** TASK OBJECTIVE **
All records that follow are to be copied exactly, with images omitted.

%%

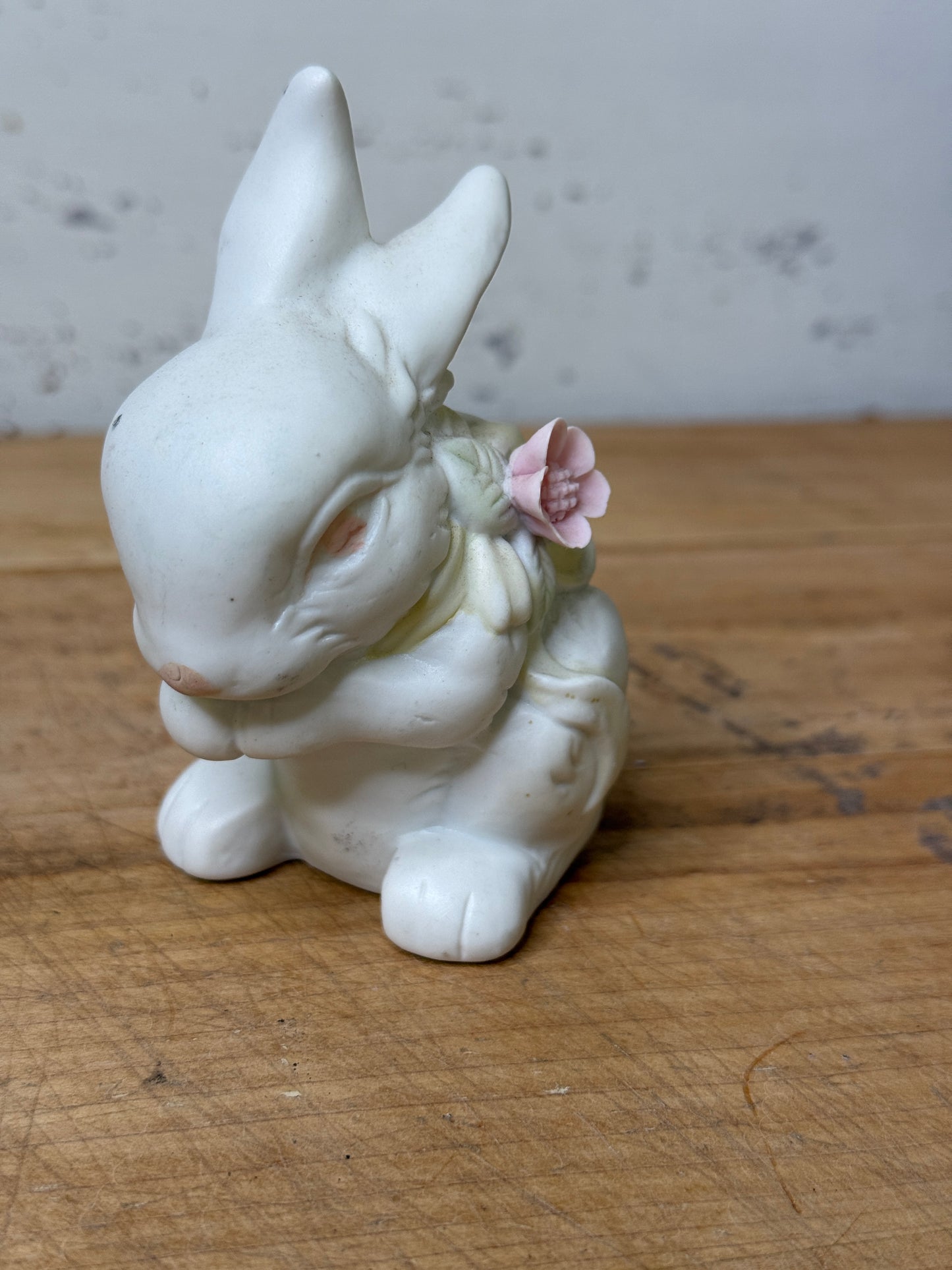 Vintage Made in Taiwan Porcelain Bunny Figurine (A2)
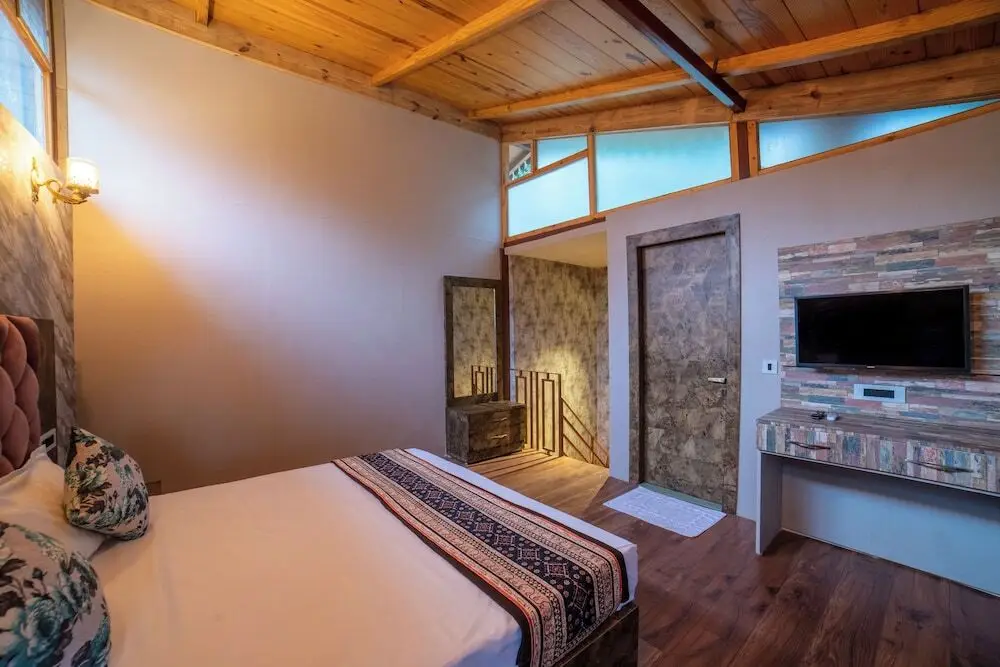 Наинитал: Mudras Grove Resort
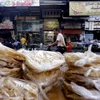 Bánh mỳ được bày bán tại cửa hàng ở Damascus, Syria. (Ảnh: AFP/TTXVN)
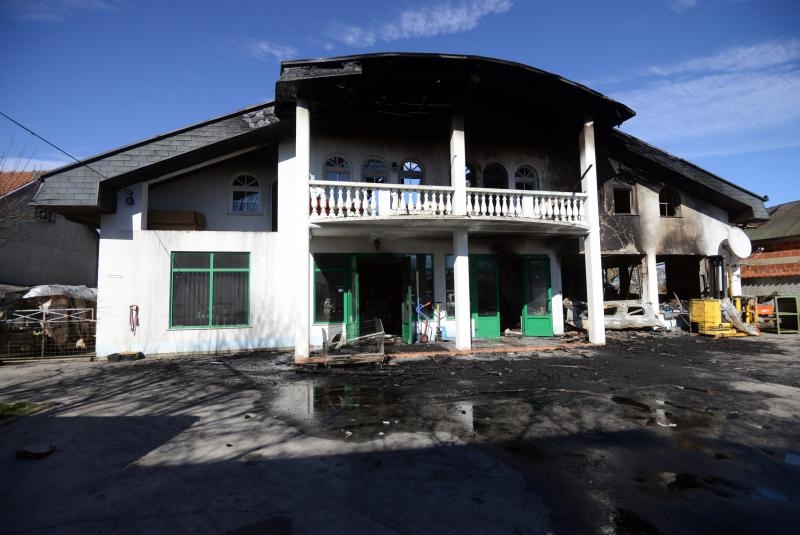 pxl03031510127418592567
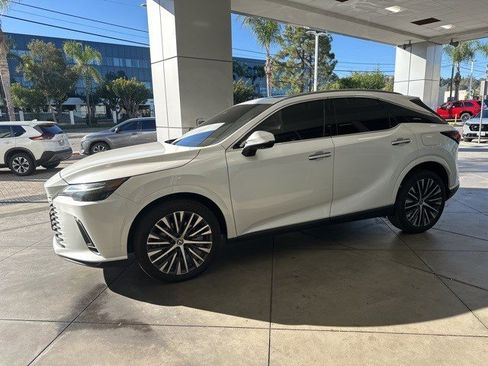 Used 2023 Lexus RX 350 Premium Plus image 2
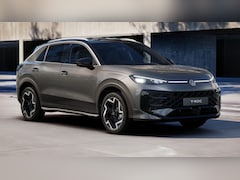 Volkswagen T-Roc - R-Line Edition | 'App-Connect' draadloze smartphone integratie | 30, 5 cm display met 2D e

%%

** COMPLETED TASK **
 Vintage Made in Taiwan Porcelain Bunny Figurine (A2)
 Наинитал: Mudras Grove Resort
 Bánh mỳ được bày bán tại cửa hàng ở Damascus, Syria. (Ảnh: AFP/TTXVN)
 pxl03031510127418592567
 Used 2023 Lexus RX 350 Premium Plus image 2
 Volkswagen T-Roc - R-Line Edition | 'App-Connect' draadloze smartphone integratie | 30, 5 cm display met 2D e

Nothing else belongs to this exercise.